Task brief
Once the line holding "Emerald Batik Dream" is found, output it and all remaining lines of the data exactly, with every picture left out.
START Input for this task
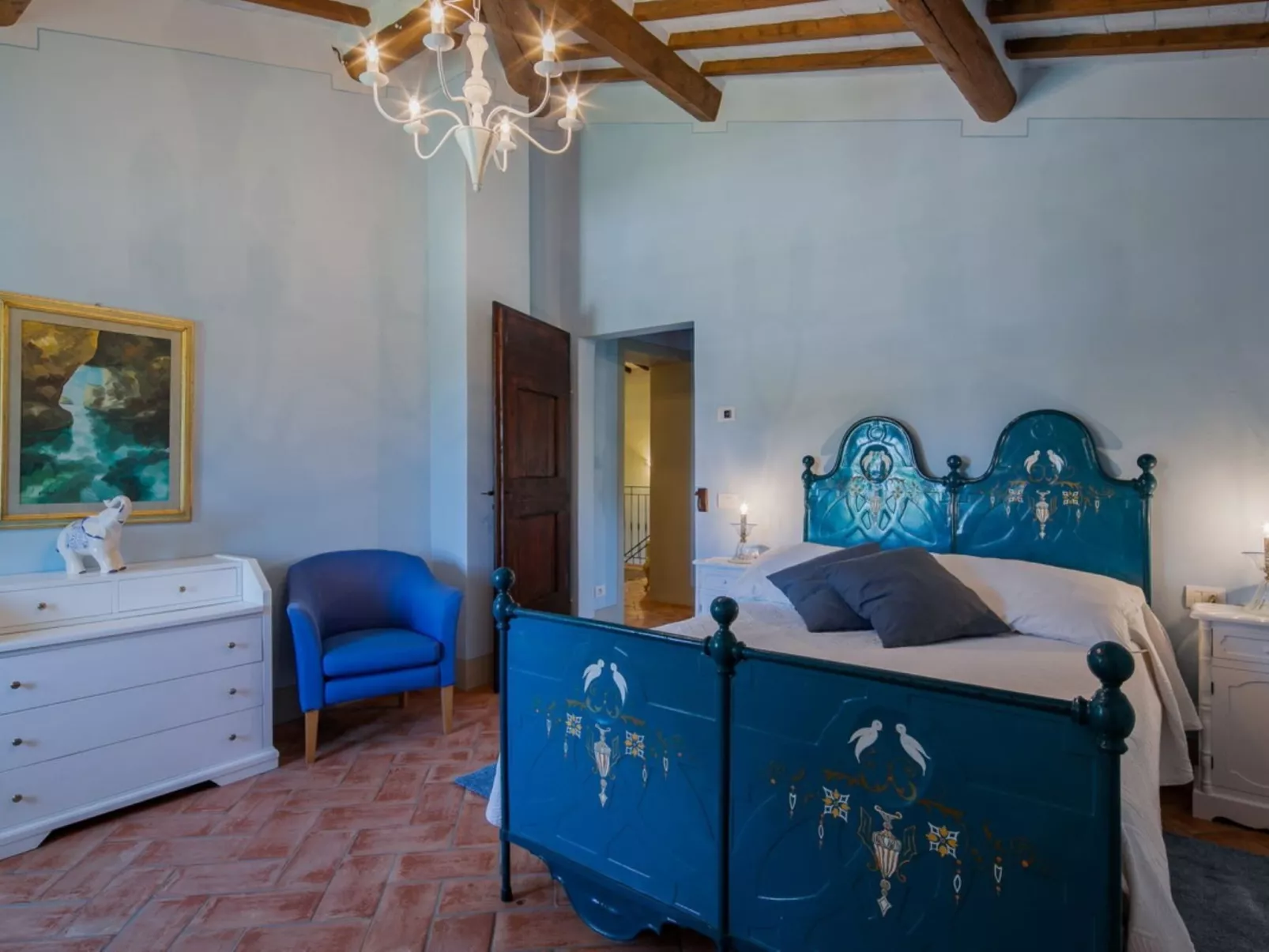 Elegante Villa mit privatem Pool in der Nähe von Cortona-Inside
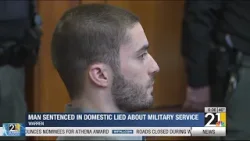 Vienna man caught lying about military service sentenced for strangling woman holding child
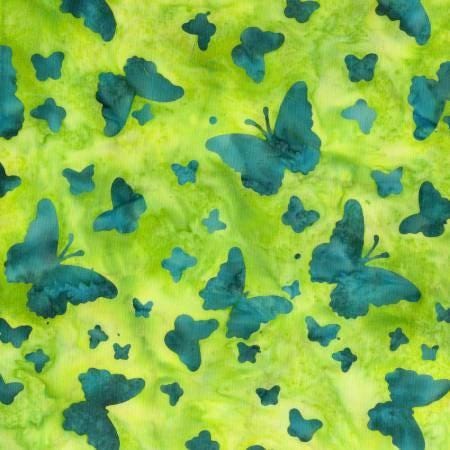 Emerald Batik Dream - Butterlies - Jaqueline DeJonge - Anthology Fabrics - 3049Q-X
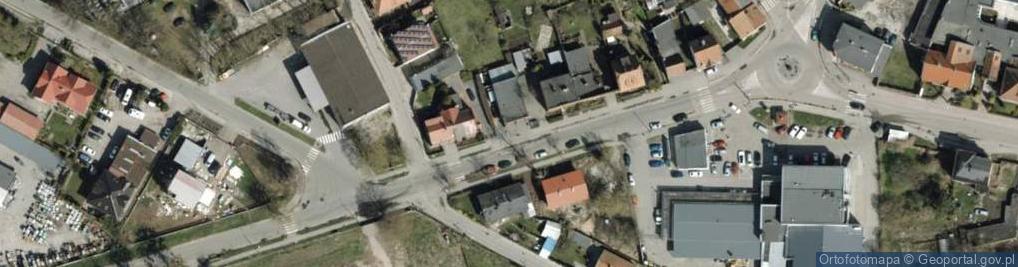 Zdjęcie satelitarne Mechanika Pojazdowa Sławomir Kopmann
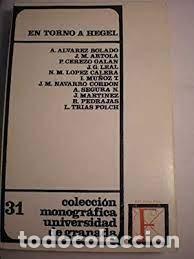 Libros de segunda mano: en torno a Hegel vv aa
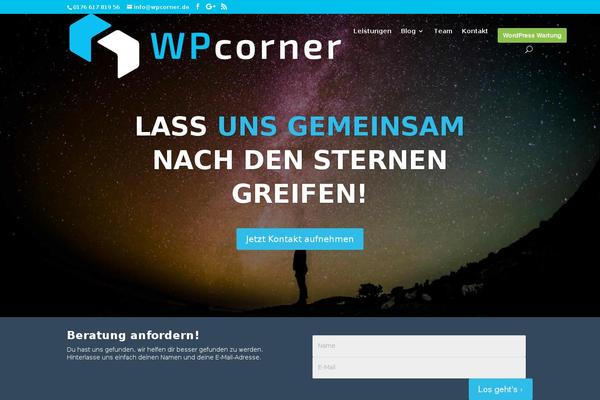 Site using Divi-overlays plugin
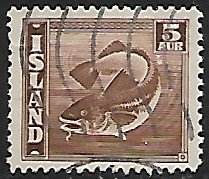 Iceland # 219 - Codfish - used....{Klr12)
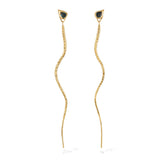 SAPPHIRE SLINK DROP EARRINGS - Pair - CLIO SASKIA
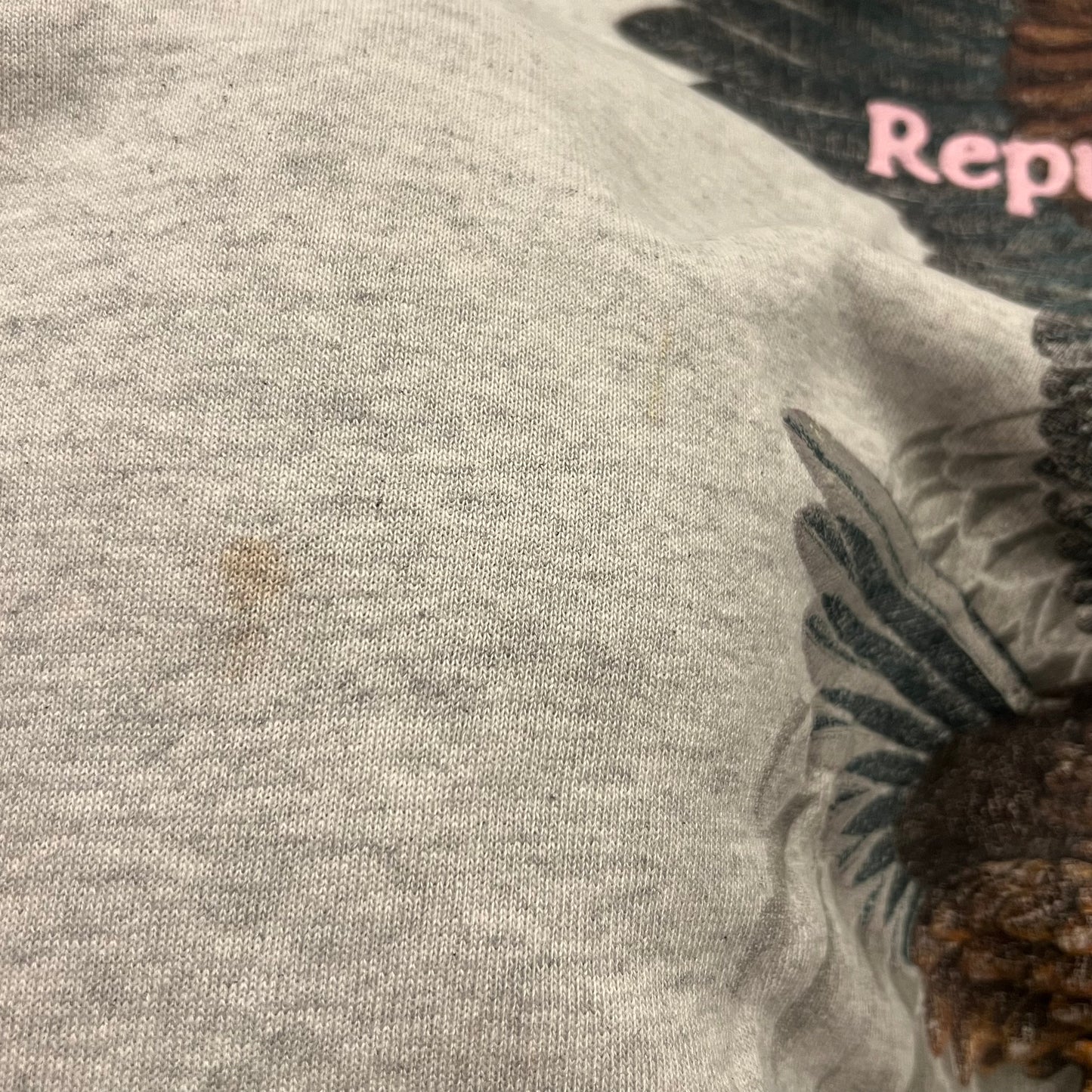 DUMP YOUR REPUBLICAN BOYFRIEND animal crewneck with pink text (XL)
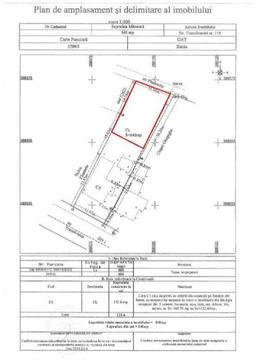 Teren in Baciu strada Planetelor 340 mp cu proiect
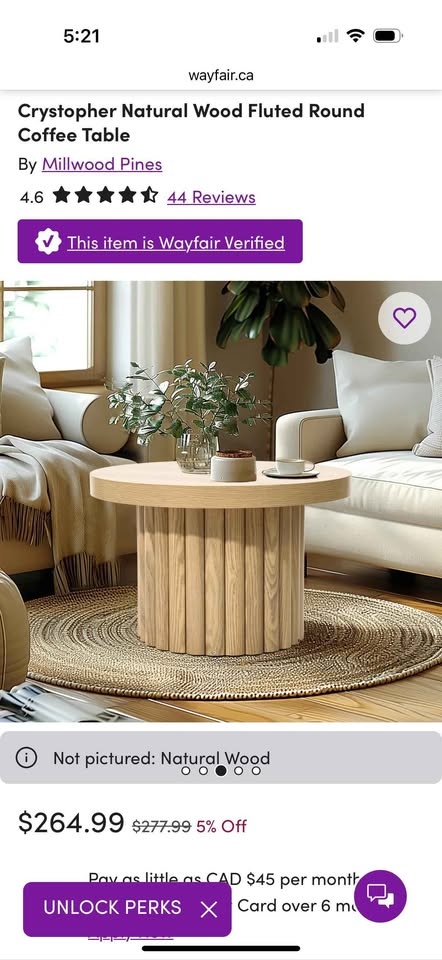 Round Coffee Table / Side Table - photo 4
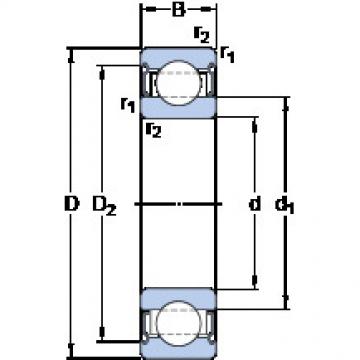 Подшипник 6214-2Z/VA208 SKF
END Input for this task
Task output
 Emerald Batik Dream - Butterlies - Jaqueline DeJonge - Anthology Fabrics - 3049Q-X
 Zdjęcie satelitarne Mechanika Pojazdowa Sławomir Kopmann
 Libros de segunda mano: en torno a Hegel vv aa
 Site using Divi-overlays plugin
 Iceland # 219 - Codfish - used....{Klr12)
 SAPPHIRE SLINK DROP EARRINGS - Pair - CLIO SASKIA
 DUMP YOUR REPUBLICAN BOYFRIEND animal crewneck with pink text (XL)
 Teren in Baciu strada Planetelor 340 mp cu proiect
 Round Coffee Table / Side Table - photo 4
 Подшипник 6214-2Z/VA208 SKF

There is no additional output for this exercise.